Cette course était sa course. Le nom de Paul Vatine, vainqueur en 1993 et 1995, demeure à jamais associé à la Transat Jacques Vabre. "Paul ne s'était pas trompé quand il disait que le littoral normand avait un potentiel maritime énorme", constate, trente ans plus tard, son ami Denis Van Den Brink, jamais avare de bons mots pour évoquer "Paulo". Un "titi havrais" de Sanvic, venu à la voile sur le tard, qui séduisait par son franc-parler. "Il était curieux des gens, poursuit son ami. Ce n'était pas le roi de l'élégance mais il était capable de s'adapter à tout public, des enfants aux chefs d'entreprise." Un skipper avant tout fier de sa région et de sa ville.

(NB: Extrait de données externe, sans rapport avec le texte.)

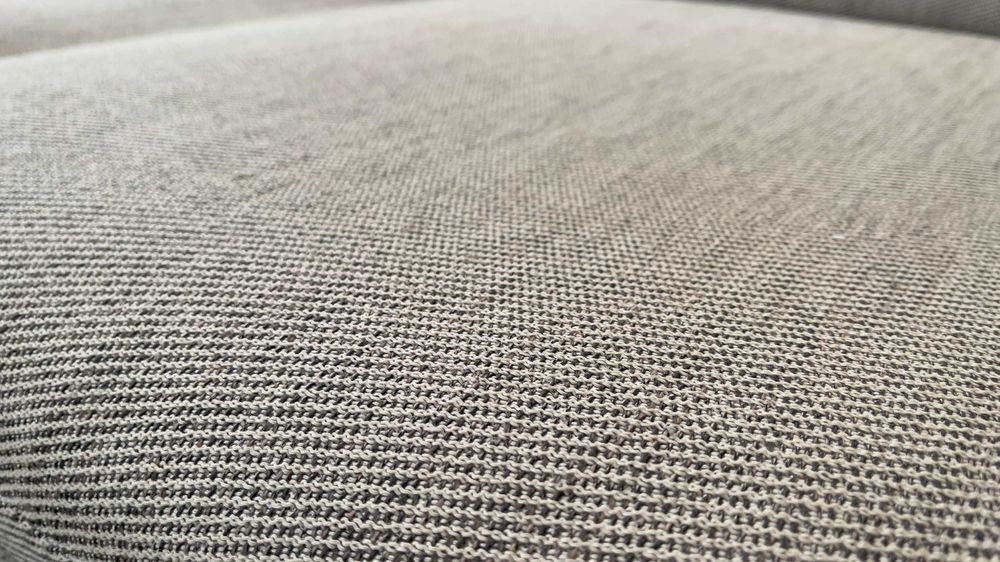 Sofá IKEA 2 lugares de tecido cinzento - exclusivo e como novo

Son nom quai de la Réunion
En 1999, la disparition de Paul Vatine en pleine Jacques Vabre, au large des Açores, est un choc. "J'étais au PC course, à Paris, où je passais mes jours et mes nuits. En tant qu'organisateur, on vit dans une inquiétude permanente. Quand on a su que Paul avait été éjecté…", se remémore Gérard Petitpas, ancien directeur de course. "Je me rappelle très bien ce moment, se souvient le skipper Charlie Dalin, 15 ans à l'époque. J'avais passé la nuit à écouter la radio pour avoir des nouvelles." Aujourd'hui, le bassin principal de la Jacques Vabre porte le nom de Paul Vatine, tout comme son ancien club. Nul doute que nombre de ses amis penseront à lui, vendredi 20 octobre, quand des plaques aux noms des anciens vainqueurs seront apposées sur le quai de La Réunion.